─── EXTRACTED MATERIAL

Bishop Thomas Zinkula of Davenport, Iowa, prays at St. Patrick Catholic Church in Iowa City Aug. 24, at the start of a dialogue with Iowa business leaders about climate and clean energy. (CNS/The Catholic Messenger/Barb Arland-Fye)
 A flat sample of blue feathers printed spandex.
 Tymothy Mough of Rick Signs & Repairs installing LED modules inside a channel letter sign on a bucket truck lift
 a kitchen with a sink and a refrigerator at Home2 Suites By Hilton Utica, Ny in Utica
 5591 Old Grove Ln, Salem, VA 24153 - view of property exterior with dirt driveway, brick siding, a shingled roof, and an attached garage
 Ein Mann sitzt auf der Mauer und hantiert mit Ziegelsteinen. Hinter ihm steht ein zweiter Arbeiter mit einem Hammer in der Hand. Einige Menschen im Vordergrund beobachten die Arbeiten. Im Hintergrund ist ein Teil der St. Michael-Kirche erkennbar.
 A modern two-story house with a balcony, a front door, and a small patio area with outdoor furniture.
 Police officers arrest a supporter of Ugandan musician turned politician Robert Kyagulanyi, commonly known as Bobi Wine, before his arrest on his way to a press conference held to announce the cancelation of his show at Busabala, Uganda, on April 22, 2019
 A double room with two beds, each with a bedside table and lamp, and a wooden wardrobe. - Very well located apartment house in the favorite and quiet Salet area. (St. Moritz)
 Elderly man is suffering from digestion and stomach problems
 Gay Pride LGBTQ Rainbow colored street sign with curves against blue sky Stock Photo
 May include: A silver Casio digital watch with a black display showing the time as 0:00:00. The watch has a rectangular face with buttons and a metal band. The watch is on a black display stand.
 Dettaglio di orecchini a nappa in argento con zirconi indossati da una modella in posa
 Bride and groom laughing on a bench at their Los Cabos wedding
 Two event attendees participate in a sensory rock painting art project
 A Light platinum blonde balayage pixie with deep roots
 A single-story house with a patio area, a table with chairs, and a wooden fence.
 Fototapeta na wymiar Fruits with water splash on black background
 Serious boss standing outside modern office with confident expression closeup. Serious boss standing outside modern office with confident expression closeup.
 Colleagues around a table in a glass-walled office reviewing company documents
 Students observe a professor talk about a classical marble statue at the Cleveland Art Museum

──────

== WORK INSTRUCTIONS ==
Print every record exactly as written.

== ANSWER TO THE PROBLEM ==
Bishop Thomas Zinkula of Davenport, Iowa, prays at St. Patrick Catholic Church in Iowa City Aug. 24, at the start of a dialogue with Iowa business leaders about climate and clean energy. (CNS/The Catholic Messenger/Barb Arland-Fye)
 A flat sample of blue feathers printed spandex.
 Tymothy Mough of Rick Signs & Repairs installing LED modules inside a channel letter sign on a bucket truck lift
 a kitchen with a sink and a refrigerator at Home2 Suites By Hilton Utica, Ny in Utica
 5591 Old Grove Ln, Salem, VA 24153 - view of property exterior with dirt driveway, brick siding, a shingled roof, and an attached garage
 Ein Mann sitzt auf der Mauer und hantiert mit Ziegelsteinen. Hinter ihm steht ein zweiter Arbeiter mit einem Hammer in der Hand. Einige Menschen im Vordergrund beobachten die Arbeiten. Im Hintergrund ist ein Teil der St. Michael-Kirche erkennbar.
 A modern two-story house with a balcony, a front door, and a small patio area with outdoor furniture.
 Police officers arrest a supporter of Ugandan musician turned politician Robert Kyagulanyi, commonly known as Bobi Wine, before his arrest on his way to a press conference held to announce the cancelation of his show at Busabala, Uganda, on April 22, 2019
 A double room with two beds, each with a bedside table and lamp, and a wooden wardrobe. - Very well located apartment house in the favorite and quiet Salet area. (St. Moritz)
 Elderly man is suffering from digestion and stomach problems
 Gay Pride LGBTQ Rainbow colored street sign with curves against blue sky Stock Photo
 May include: A silver Casio digital watch with a black display showing the time as 0:00:00. The watch has a rectangular face with buttons and a metal band. The watch is on a black display stand.
 Dettaglio di orecchini a nappa in argento con zirconi indossati da una modella in posa
 Bride and groom laughing on a bench at their Los Cabos wedding
 Two event attendees participate in a sensory rock painting art project
 A Light platinum blonde balayage pixie with deep roots
 A single-story house with a patio area, a table with chairs, and a wooden fence.
 Fototapeta na wymiar Fruits with water splash on black background
 Serious boss standing outside modern office with confident expression closeup. Serious boss standing outside modern office with confident expression closeup.
 Colleagues around a table in a glass-walled office reviewing company documents
 Students observe a professor talk about a classical marble statue at the Cleveland Art Museum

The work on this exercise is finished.